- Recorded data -
-- Opening Marker --

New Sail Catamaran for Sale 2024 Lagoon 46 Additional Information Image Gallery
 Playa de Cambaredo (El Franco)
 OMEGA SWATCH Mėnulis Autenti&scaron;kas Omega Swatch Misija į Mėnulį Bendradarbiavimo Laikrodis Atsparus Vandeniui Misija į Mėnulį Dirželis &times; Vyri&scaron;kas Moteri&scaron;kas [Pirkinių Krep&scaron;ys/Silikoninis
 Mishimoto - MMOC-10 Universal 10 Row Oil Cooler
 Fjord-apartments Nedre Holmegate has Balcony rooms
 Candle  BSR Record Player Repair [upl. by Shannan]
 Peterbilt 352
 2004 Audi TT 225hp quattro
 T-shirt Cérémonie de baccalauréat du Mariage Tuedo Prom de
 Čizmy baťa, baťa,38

-- Closing Marker --

- Work instructions -
Nothing should appear in the answer except the lines from the one with "OMEGA SWATCH Mėnulis" through the final line of the records, written exactly.

- Exercise response -
 OMEGA SWATCH Mėnulis Autenti&scaron;kas Omega Swatch Misija į Mėnulį Bendradarbiavimo Laikrodis Atsparus Vandeniui Misija į Mėnulį Dirželis &times; Vyri&scaron;kas Moteri&scaron;kas [Pirkinių Krep&scaron;ys/Silikoninis
 Mishimoto - MMOC-10 Universal 10 Row Oil Cooler
 Fjord-apartments Nedre Holmegate has Balcony rooms
 Candle  BSR Record Player Repair [upl. by Shannan]
 Peterbilt 352
 2004 Audi TT 225hp quattro
 T-shirt Cérémonie de baccalauréat du Mariage Tuedo Prom de
 Čizmy baťa, baťa,38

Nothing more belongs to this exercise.